In response to a question from Senator Tom Cotton, Powell described AMERIBOR as “a reference rate created by the AFX based on a cohesive and well-defined market that meets the International Organization of Securities Commission’s principles for financial benchmarks.” However, the Chairman stressed that while AMERIBOR is a fully appropriate rate for the banks that fund themselves through the AFX “or for other similar institutions for whom AMERIBOR may reflect their cost of funding, it may not be a natural fit for many market participants.”
In either case, earlier this week, Dr. Richard L. Sandor, Chairman and CEO of the AFX said that “Chairman Powell’s response to Sen. Cotton’s question reinforces the importance of choice in the use of benchmarks and is key to the development of SOFR [Secured Overnight Financing Rate, or another alternative to LIBOR] and AMERIBOR,” which are complementary to each other.

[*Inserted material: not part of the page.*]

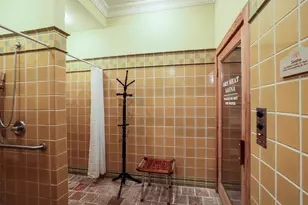 265 Minorca Beach Way, New Smyrna Beach, FL 32169 - Photo 42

AFX launched in November 2015, while AMERIBOR, developed together with the Chicago Board of Exchange Futures subsidiary, went live four years later. Since the start of the AFX and the AMERIBOR benchmark, more than USD 970 billion in value has been transacted, according to the company.
Upon the benchmark’s launch, Sandor said that it is AFX’s first major blockchain initiative, and that they “believe the blockchain has the potential to transform electronic trading and financial markets. AFX is committed to remain at the forefront of this new technology.”
Per the company, the AFX blockchain uses proof-of-authority consensus mechanism (unlike Ethereum’s proof-of-work, transitioning to proof-of-stake), thus leaving some control in the hands of AFX. It mints two non-fungible tokens for each party in each AMERIBOR transaction, which are compliant with the ERC-721 token standard, and which contain information on the transaction and the counterparty. The process of token minting and settling is automatic.
The news of this possible endorsement of something blockchain-related by one of the most conservative US institutions has traveled quickly through the Cryptoverse. The opinions are divided as usual though: while there are bound to be those who see this is a step forward for both blockchain in general and Ethereum in particular, others are wondering how much of Ethereum is AFX using.